Racialized Prisms: A Randomized Experiment on Families’ Perceptions of Schools
December 1, 2020
3:00-4:30pm PST
Chantal A. Hailey, University of Texas at Austin
Chantal A. Hailey is an Assistant Professor in the Department of Sociology at The University of Texas at Austin. Her research is at the intersections of race and ethnicity, stratification, urban sociology, education, and criminology. She is particularly interested in how micro decision-making contributes to larger macro segregation and stratification patterns and how segregation creates, sustains, and exacerbates racial, educational, and socioeconomic inequality.

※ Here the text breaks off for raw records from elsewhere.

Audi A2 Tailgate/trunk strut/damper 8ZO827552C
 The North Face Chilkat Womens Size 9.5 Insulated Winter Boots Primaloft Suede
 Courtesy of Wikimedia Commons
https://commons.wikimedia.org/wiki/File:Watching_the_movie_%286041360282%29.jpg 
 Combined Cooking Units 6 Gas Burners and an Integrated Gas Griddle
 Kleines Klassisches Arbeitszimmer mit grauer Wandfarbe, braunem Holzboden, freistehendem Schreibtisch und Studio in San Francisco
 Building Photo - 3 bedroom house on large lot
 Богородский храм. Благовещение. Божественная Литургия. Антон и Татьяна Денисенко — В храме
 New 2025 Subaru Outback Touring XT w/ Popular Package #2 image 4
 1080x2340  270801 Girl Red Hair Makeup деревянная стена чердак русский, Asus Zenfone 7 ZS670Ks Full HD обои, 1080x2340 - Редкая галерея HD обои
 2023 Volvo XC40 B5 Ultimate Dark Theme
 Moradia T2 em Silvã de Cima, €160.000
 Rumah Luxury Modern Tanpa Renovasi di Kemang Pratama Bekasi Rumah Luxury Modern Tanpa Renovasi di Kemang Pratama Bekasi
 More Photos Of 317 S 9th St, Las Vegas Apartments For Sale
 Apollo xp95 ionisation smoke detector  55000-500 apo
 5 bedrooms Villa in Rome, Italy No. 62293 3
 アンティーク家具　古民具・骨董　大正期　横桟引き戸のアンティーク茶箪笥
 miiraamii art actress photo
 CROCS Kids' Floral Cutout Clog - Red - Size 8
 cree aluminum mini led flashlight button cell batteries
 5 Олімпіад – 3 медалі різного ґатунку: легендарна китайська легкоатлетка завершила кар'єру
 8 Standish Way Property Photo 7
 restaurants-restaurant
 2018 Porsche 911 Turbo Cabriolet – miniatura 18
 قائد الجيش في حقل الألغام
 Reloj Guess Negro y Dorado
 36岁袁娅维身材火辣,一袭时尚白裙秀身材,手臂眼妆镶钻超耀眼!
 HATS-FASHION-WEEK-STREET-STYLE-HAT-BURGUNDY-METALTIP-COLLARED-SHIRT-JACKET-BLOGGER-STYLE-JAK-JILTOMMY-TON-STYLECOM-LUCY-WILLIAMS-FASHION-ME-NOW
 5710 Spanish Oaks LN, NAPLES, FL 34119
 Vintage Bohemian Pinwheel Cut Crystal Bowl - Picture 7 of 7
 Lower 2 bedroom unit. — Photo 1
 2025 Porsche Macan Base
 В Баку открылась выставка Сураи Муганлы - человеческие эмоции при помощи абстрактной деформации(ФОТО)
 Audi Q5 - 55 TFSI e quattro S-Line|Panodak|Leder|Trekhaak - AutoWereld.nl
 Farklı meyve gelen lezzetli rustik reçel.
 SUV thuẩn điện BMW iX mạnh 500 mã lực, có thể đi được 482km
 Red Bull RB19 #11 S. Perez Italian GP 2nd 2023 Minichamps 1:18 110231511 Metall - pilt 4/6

Abstract: Social scientists continue to debate whether families’ avoidance of schools with higher fractions of racial outgroups results from racial animus (a pure race explanation) or their use of racial demographics as a heuristic for school characteristics (a racial proxy explanation). In this article, I propose a new explanation for these patterns. I argue that racial segregation persists, in part, because families perceive school characteristics through a racial prism, whereby their racial biases, awareness of cultural stereotypes, and racial contexts contribute to racialized perceptions of identical schools. To explore this theory, I conduct an experiment with a racially diverse sample of 900 students and parents currently choosing schools. Families provide their perceptions of, and willingness to attend, hypothetical schools that vary in racial composition, academic outcomes, and safety ratings. I find families interpret the same data differently depending on schools’ racial demographics. These racialized perceptions contribute to the effects of school race on families’ preferences. The racial prism concept demonstrates why efforts to improve school quality alone are unlikely to increase integration, and points to the importance of racialized perceptions in explaining the persistence of racial segregation.